Reviews
“An endearing history of ex-urban American life that consistently evokes Mark Twain, James Thurber, and their kindred. The result is a compact comic Decameron, a deadpan fantasia . . . a minor masterpiece: one of the most delightful novels of the decade.” Kirkus Reviews
“Is there a more beguiling writer today than Eric Kraft?
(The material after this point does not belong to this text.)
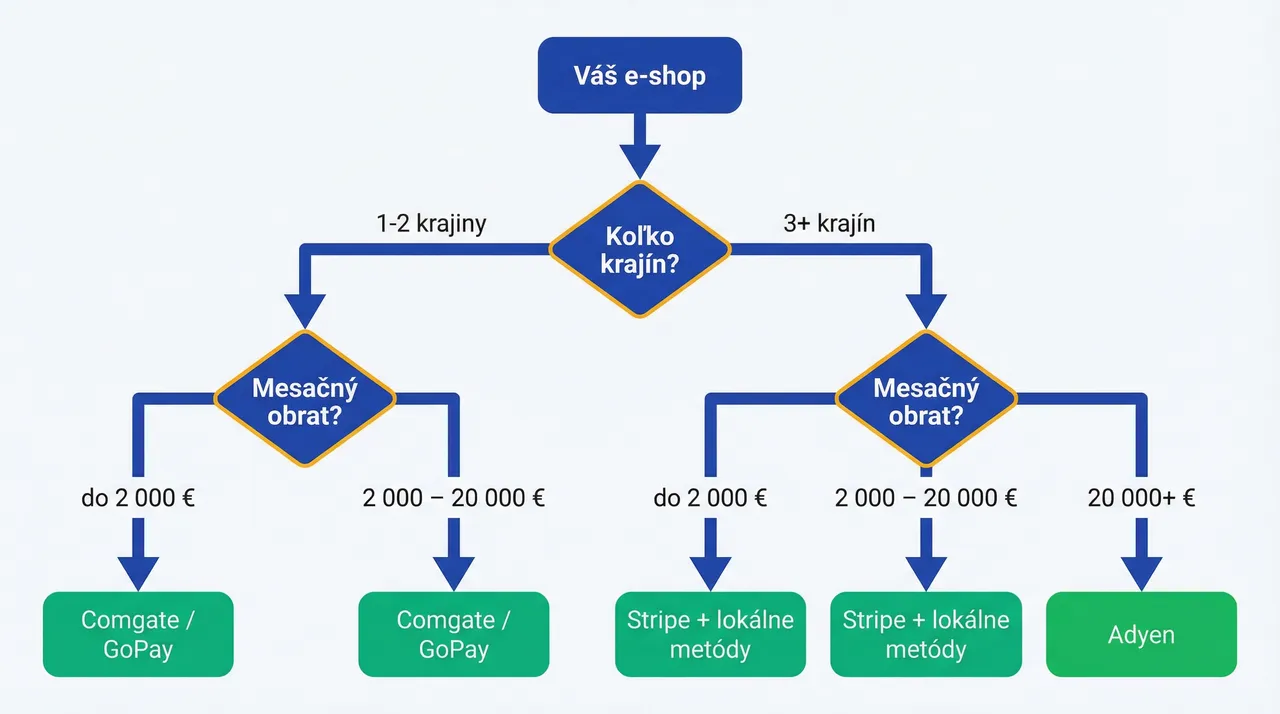 Rozhodovací diagram pre výber platobnej brány a dopravcu podľa počtu krajín a veľkosti e-shopu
In his latest comic novel, he manages to combine two of his work’s hitherto disparate modes—the pastoral (à la Wodehouse) and the black humor that runs like a stain through American literature from Melville to Nathanael West—to hilarious effect. . . . With his customary elegance, Kraft has written a coda to the utopian impulses that lurk in the heart of our century; this novel will please both fans and readers new to the small, welcoming hotel of the Peter Leroy books.” Publishers Weekly
“Leaving Small’s Hotel is edgier than most of Kraft’s work. . . . The book is imaginative, clever, and convoluted, offering a twist in the road Kraft has been building to our collective past. Under the surface humor, Kraft’s take on the national experience is thoughtful, disturbing, and unlike that of any other American writer.” Anthony Brandt, Men’s Journal
“There is a delightful loopiness to the novels of Eric Kraft that no other writer today can emulate. It is a sly charm that makes us think his stories are a good deal simpler than they are. In fact, they are wonderfully complex, multi-layered and multileveled, as carefully painted as Japanese miniatures. . . . The belief has long been held here that Eric Kraft is one of our best writers, and Leaving Small’s Hotel reinforces it. . . . Not since James Thurber has anyone written so delightfully about the foibles of his childhood.” Roger Harris, Newark Star-Ledger
“Kraft offers a refreshingly complex and searching portrait of the writing life, as well as of a fundamentally strong and warm relationship between a husband and wife assailed by doubt and unhappiness. Leaving Small’s Hotel affirms once more that when the destination is Babbington (as Leroy’s version of Kraft concludes), ‘time spent in another place, in another life, is the perfect vacation, the ideal.’” Mahinder Kingra, City Paper (Baltimore)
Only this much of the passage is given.